In the wall not on if u put it on the wall your reducing the size of your wall by quite abit, sorry I can't help more bev lol.. Have u thought of using cardboard trays from eggs seriously it can work....

Can't the neighbour be more understanding btw?


----------



## LeeLee (Jun 9, 2013)

The stuff they use to soundproof pub windows when they have live gigs is called Kingspan.  It's quite good.  Don't know how much it costs though.


----------



## bev (Jun 9, 2013)

Steff said:


> In the wall not on if u put it on the wall your reducing the size of your wall by quite abit, sorry I can't help more bev lol.. Have u thought of using cardboard trays from eggs seriously it can work....
> 
> Can't the neighbour be more understanding btw?



Hi Steff,

Its quite a large bedroom so it wouldnt make a huge difference if the walls were brought in I dont think. Someone on CWD said about egg cartons so there must be something in that - might look into it although might look a little odd inside my wardrobe! To be honest I think its reasonable for the neighbour to mention it as I wouldnt like to be woken up with someone shouting a name either - but think she must be a REALLY light sleeper as I dont shout that loud as i'm half asleep!Bev


----------



## Vicsetter (Jun 9, 2013)

You could try hanging some heavy material on the wall.  Whatever you do will probably reduce the size of your room.

Maybe it's your neighbours problem, have you explained why you are shouting?  any alternative - does gentle shaking do anything?


----------



## bev (Jun 9, 2013)

LeeLee said:


> The stuff they use to soundproof pub windows when they have live gigs is called Kingspan.  It's quite good.  Don't know how much it costs though.



Hi LeeLee,

Thanks for your reply.

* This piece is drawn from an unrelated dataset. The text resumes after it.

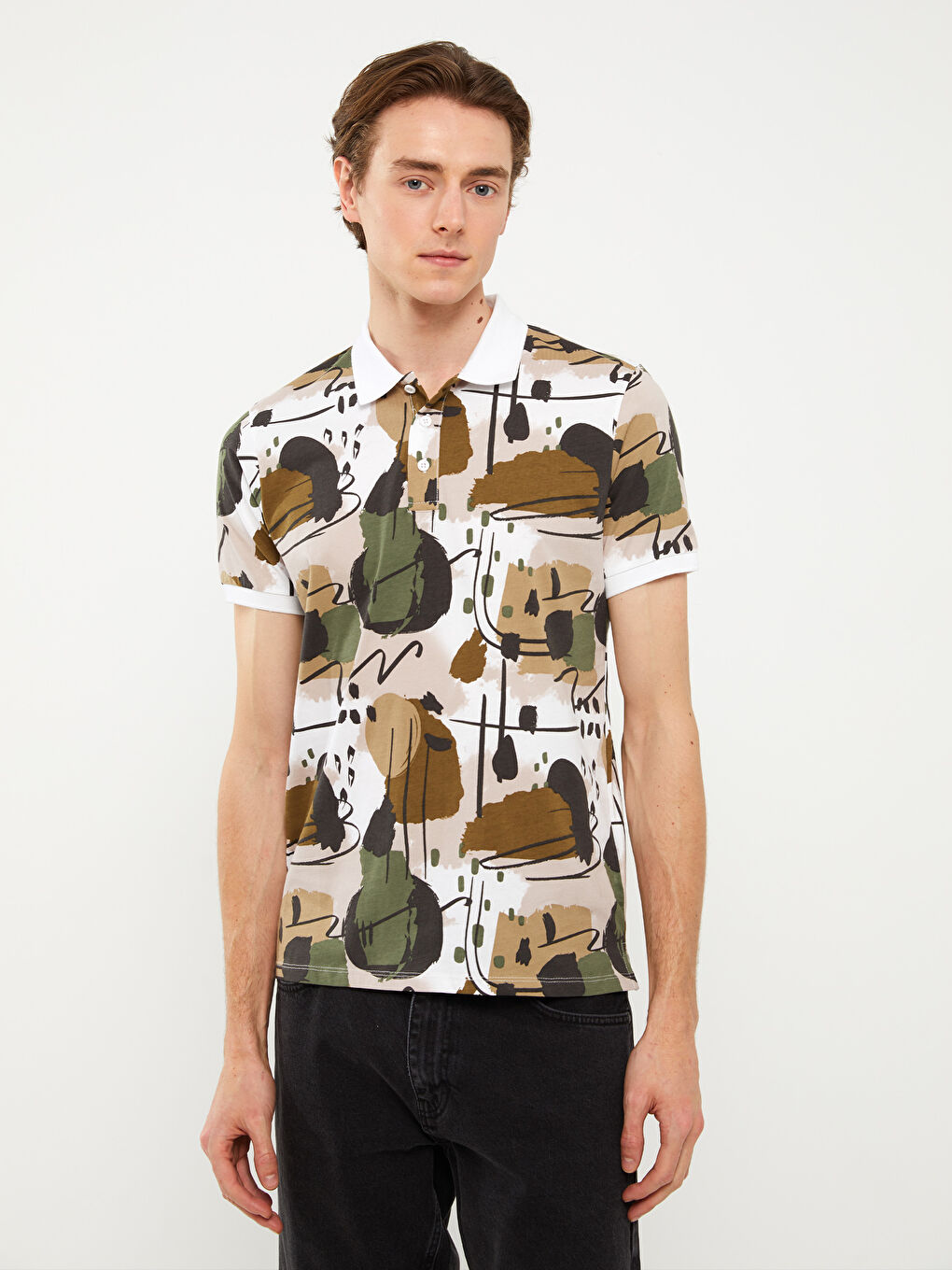 Beyaz Polo Yaka Kısa Kollu Desenli Penye Erkek Tişört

I havent heard of that so will have a google and see what I can find. It must be good if they use it at gigs!Bev


----------



## bev (Jun 9, 2013)

Vicsetter said:


> You could try hanging some heavy material on the wall.  Whatever you do will probably reduce the size of your room.
> 
> Maybe it's your neighbours problem, have you explained why you are shouting?  any alternative - does gentle shaking do anything?



Hi Vicsetter,

Alex is 15 so as much as I can I let him treat and get on with it - he doesnt like me going into his room (understandable I suppose being a teenager!). I do go and wake him for the first test but only shout after the 15 minutes to check he is re-testing - so a bit of a compromise. I will have a look at the material idea - it might be cheaper to do. Thanks.Bev

p.s. I did explain why I shout sometimes but to be fair its not really their problem so can understand why it would annoy her.


----------



## Caroline (Jun 9, 2013)

another option might be to get a two way radio/walkie talkie so you can bleep Alex or have an alarm of some kind. we got a set of radios for when hubby is in the loft or in the shed and I can let him know if I want anything.

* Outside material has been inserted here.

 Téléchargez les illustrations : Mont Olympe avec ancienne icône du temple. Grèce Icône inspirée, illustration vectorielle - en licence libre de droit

Or fitted wardrobes along the adjoining wall? It would be soundproofing and fucntional


----------



## AlisonM (Jun 9, 2013)

Whatever you decide to use for the soundproofing, you can cover it with a thin layer of plasterboard and then paint or paper it. Or, is it possible to put the fitted wardrobes against the wall adjoining the neighbour's place and cover the soundproofing that way?


----------



## Vicsetter (Jun 9, 2013)

Have a look at this website, tells you how to do it and your options:
http://www.soundstop.co.uk/solutions/wall_solutions/wall_solution_1.php

You could do a search for soundproofing for your area to find a firm that specialises, it would appear to involve cladding the wall you share with your neighbour with wallboards and then decorating over it, fairly quick and simple for a builder, but do get a reputable one.


----------



## Pumper_Sue (Jun 9, 2013)

Would something like this do? http://www.gowallpaper.co.uk/soundproof-wallpaper.html?gclid=CJ6DkrLp17cCFXMRtAod6E8AVA


----------



## bev (Jun 9, 2013)

Hi Sue,

Looks interesting thanks. I will try to find some reviews on it - looks a lot cheaper to do than other things I have found.Bev


----------



## bev (Jun 9, 2013)

Hi Alison/Caroline,

Yes thats what I think I will do - maybe do the whole wall to make sure - that way I get lots of wardrobe space too! But will think about what to put behind them first to ensure next door cant hear anything.Bev


----------



## shambles (Jun 9, 2013)

Feeling cheeky ..

so wouldn't it just be cheaper to buy the neighbour some ear plugs?


----------



## Steff (Jun 9, 2013)

Wen it's done can we come over bev, will make sure it's done right lol


----------



## HOBIE (Jun 9, 2013)

What did you say ??  I cant hear     Good luck sorting


----------



## Pumper_Sue (Jun 10, 2013)

shambles said:


> Feeling cheeky ..
> 
> so wouldn't it just be cheaper to buy the neighbour some ear plugs?



Lol that was my first thought as well


----------



## Caroline (Jun 10, 2013)

when we first got married (over 30 years ago) I bought hubby bed socks because he had cold feet and myself ear plugs so I didin't have to listen to him talking and grinding his teeth in his sleep...


----------